The following are the words of Justin ‘Doc’ Schneider from the book “AFTER: The Battle has Just Begun.”

“Watching his recovery, accomplishing as much he has, its inspirational. I’ve watched him adapt and overcome his physical challenges as well the mental, even though those injuries can be the hardest to heal. Being involved in his life since his accident, and talking about that day and the events that took place after has helped in my mental recovery.

Every combat veteran who makes it home unscathed thinks back to the ones who didn’t come home or the ones who came back physically different. We feel that it should have been us instead. I blamed myself for a few things and had some dark thoughts for a long time. I couldn’t even talk to the Marines I had treated for injuries. The invisible wounds are the hardest, and I know that each one of us struggle to deal with that in our own way.

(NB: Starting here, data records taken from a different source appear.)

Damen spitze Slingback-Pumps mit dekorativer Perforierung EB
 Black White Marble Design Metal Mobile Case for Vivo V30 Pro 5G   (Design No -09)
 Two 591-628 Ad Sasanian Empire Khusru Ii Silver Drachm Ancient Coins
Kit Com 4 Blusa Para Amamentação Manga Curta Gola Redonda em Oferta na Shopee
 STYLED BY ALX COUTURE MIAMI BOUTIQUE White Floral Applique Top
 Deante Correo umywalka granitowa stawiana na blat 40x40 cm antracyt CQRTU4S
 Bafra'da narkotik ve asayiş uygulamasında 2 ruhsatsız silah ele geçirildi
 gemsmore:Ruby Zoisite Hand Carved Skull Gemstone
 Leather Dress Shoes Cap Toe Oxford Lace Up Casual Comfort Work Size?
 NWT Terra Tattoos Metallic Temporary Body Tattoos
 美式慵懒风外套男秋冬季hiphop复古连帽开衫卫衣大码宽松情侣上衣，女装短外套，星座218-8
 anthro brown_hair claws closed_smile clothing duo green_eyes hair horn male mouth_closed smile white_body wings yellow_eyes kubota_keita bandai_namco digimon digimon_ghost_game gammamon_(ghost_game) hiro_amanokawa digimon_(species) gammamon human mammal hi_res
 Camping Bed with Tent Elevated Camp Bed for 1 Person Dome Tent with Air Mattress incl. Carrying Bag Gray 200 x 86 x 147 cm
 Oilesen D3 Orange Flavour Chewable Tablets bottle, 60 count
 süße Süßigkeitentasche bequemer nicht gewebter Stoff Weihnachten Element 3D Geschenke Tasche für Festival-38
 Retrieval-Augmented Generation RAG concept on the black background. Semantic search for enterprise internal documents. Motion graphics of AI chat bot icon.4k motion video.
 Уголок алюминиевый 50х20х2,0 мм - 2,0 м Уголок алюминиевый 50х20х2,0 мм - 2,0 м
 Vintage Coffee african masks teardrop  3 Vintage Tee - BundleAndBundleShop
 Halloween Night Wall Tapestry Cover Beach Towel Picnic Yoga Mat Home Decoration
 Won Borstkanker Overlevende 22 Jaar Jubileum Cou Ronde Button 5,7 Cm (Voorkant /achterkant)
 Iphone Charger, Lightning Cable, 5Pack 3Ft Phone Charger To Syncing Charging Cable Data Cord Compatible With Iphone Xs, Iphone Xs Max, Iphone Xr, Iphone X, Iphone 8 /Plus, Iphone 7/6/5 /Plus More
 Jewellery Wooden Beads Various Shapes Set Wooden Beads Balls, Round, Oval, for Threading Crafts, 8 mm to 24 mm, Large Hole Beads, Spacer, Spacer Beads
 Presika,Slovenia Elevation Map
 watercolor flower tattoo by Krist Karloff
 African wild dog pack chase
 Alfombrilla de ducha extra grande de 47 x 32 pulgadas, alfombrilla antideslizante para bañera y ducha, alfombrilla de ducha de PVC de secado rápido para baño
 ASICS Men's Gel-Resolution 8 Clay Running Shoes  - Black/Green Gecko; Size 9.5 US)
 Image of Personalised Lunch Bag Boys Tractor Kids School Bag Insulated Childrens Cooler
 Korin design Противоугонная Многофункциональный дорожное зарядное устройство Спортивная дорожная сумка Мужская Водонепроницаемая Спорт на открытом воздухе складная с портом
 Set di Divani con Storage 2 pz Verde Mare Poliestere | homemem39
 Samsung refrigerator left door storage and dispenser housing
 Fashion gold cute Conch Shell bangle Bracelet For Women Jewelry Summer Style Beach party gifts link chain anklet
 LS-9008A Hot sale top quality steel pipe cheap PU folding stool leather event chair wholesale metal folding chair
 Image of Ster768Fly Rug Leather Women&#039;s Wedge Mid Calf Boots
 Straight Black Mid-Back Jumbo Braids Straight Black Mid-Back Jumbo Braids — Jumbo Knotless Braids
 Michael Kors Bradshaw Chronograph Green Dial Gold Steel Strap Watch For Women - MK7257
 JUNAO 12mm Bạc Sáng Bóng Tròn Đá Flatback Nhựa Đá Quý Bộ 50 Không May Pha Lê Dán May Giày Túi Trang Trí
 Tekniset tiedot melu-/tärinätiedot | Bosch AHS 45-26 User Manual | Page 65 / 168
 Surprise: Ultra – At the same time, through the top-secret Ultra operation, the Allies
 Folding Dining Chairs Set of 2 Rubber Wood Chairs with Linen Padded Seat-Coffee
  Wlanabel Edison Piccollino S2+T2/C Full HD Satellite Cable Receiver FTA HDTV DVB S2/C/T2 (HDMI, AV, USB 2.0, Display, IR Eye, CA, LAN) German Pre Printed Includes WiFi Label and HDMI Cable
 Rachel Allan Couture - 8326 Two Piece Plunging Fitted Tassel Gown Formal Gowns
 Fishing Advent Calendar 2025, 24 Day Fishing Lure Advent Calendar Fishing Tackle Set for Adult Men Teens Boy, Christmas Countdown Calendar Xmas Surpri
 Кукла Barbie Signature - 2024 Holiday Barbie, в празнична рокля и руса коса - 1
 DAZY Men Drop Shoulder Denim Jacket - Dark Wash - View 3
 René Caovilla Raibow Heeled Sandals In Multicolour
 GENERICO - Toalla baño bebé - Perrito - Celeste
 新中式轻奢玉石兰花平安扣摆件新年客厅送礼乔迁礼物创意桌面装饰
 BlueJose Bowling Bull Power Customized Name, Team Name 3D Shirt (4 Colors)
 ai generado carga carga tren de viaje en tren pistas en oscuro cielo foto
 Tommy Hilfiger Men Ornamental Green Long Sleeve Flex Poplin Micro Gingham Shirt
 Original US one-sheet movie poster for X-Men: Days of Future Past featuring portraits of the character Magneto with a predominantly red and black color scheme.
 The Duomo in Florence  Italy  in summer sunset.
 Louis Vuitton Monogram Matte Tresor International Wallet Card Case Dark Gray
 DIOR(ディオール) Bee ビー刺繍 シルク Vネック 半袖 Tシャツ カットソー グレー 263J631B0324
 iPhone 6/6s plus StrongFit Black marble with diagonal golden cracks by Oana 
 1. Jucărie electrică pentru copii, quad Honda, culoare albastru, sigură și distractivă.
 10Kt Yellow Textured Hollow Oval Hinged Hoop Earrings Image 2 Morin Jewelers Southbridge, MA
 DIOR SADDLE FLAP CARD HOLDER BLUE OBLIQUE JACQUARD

The friendship Toran and I have is different than most other friendships. He often thanks me for doing what I did, what we as a squad did, to bring him home and that’s when it all makes sense. We all had different reasons for being there doing what we were doing but at the end of the day, it was all about the guy to the left and right of you.

The selflessness I witnessed during our deployment still amazes me and in some crazy way makes me wish I could go back, with the same guys, to do the same thing. Watching the gentlemen that I was with for those seven months overcome their injuries, start or add to their families, and live successful and happy lives has helped in my recovery.

I hope that all veterans know that when the days seem dark - even though you might not have remained in touch - they always have the guys that were next to them to talk to, to come to for support.

Toran’s story is one I tell often. The fact that he was able to overcome it all, pick himself up and get to where he is today is always a great story.

From competing in marathons to riding across the country on a hand bike, and his positive attitude while doing it inspires people. It proves that our wounded warriors are still here and still capable of doing great things.”